§ **TASK TO COMPLETE**: Where the data below begins, start retyping exactly, and end on the line with "Sunglasses Cat", which is included; no picture goes in.

Records contained in a dataset
********

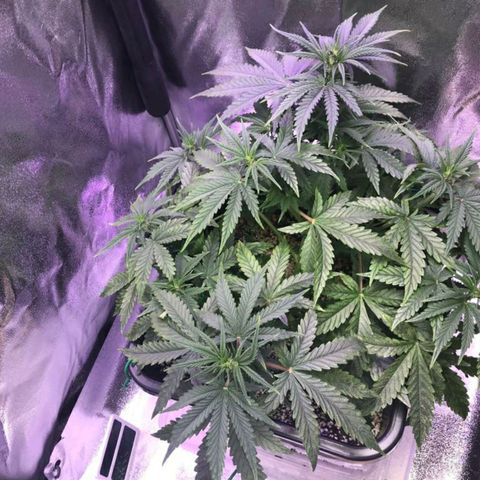 AutoUltimate growlog timeline photo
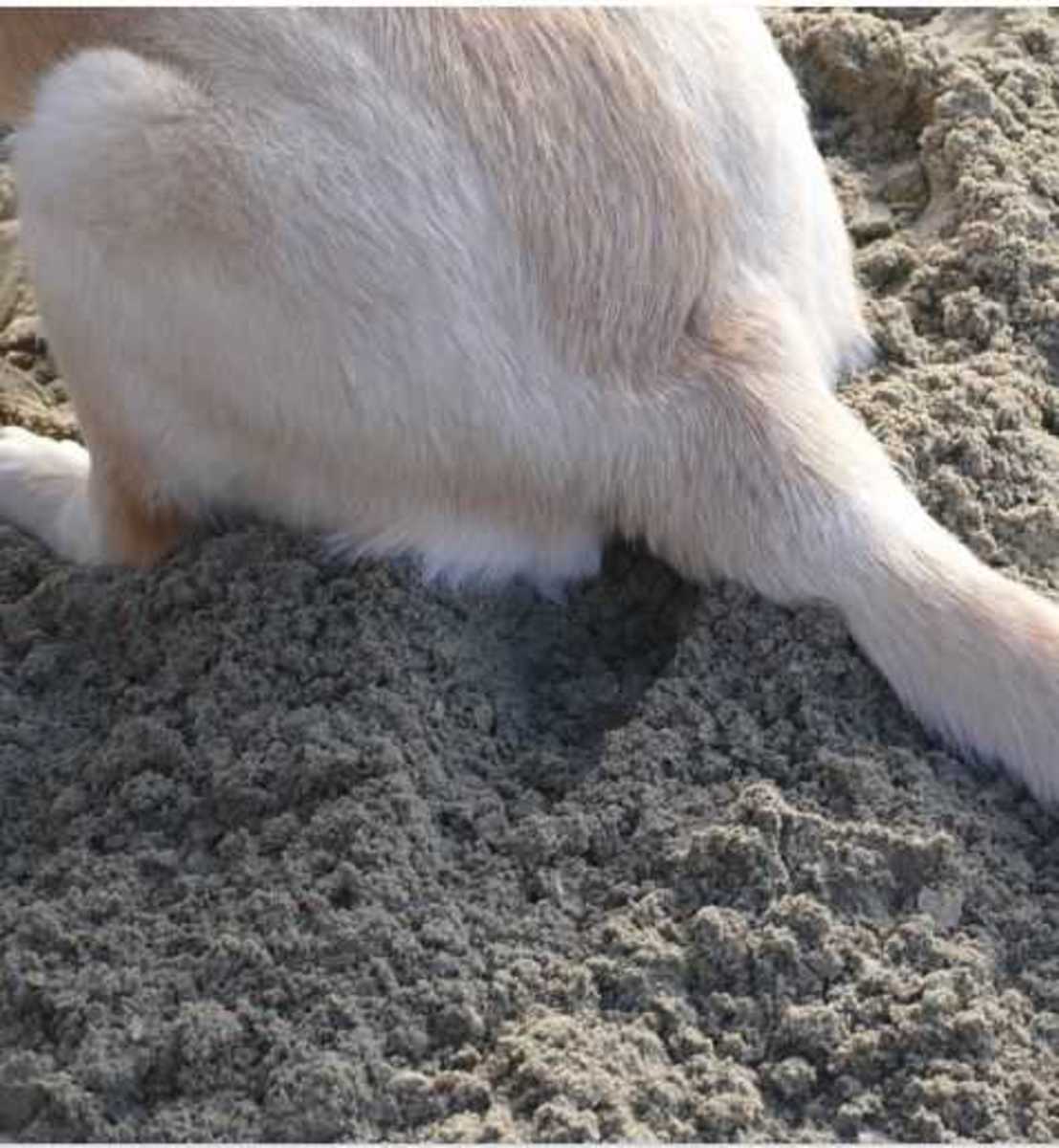 Canine Anal Play: An Ultimate Guide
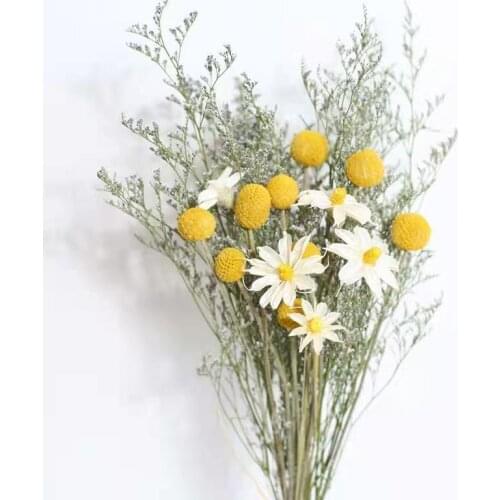 Orchidea Chamomile Pampas Rabbit Tail Grass Natural Dried Flowers Bouquet Wedding Party Decoration Nordic Style Home Decor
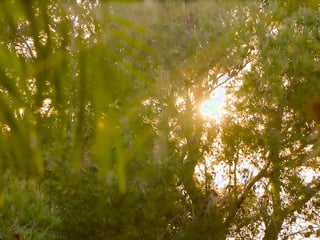 Rich Couple Seduces Ms. Willis & BFF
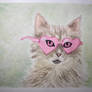 Sunglasses Cat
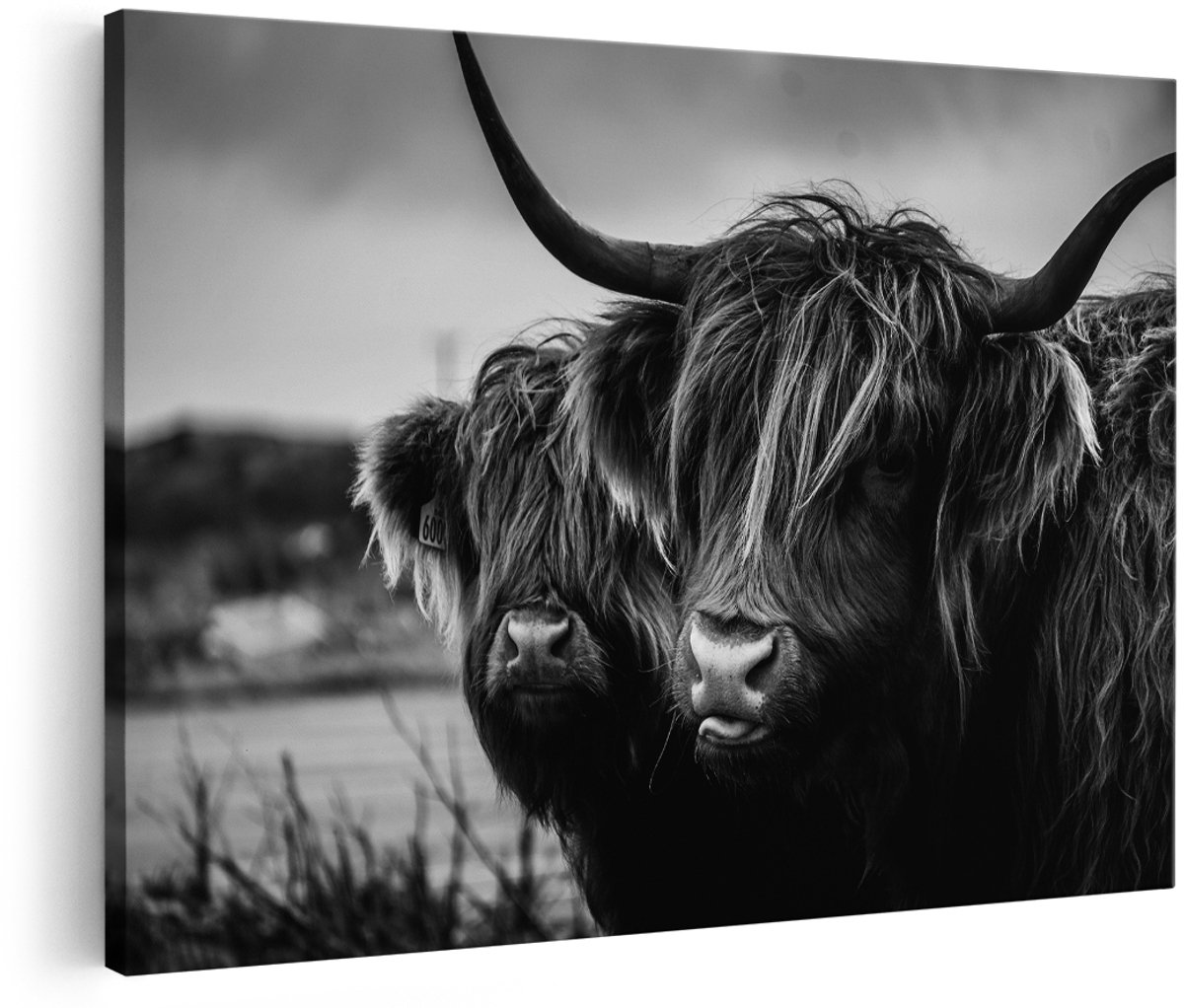 Artaza Canvas Schilderij Twee Schotse Hooglander Koeienkoppen - Zwart Wit - 150x100 cm - Groot - Foto Op Canvas - Wanddecoratie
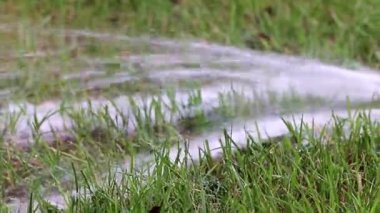 Bir lastik hortum ile yeşil çim çim yağmurlama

********

§ **PROBLEM SOLUTION**:
 AutoUltimate growlog timeline photo
 Canine Anal Play: An Ultimate Guide
 Orchidea Chamomile Pampas Rabbit Tail Grass Natural Dried Flowers Bouquet Wedding Party Decoration Nordic Style Home Decor
 Rich Couple Seduces Ms. Willis & BFF
 Sunglasses Cat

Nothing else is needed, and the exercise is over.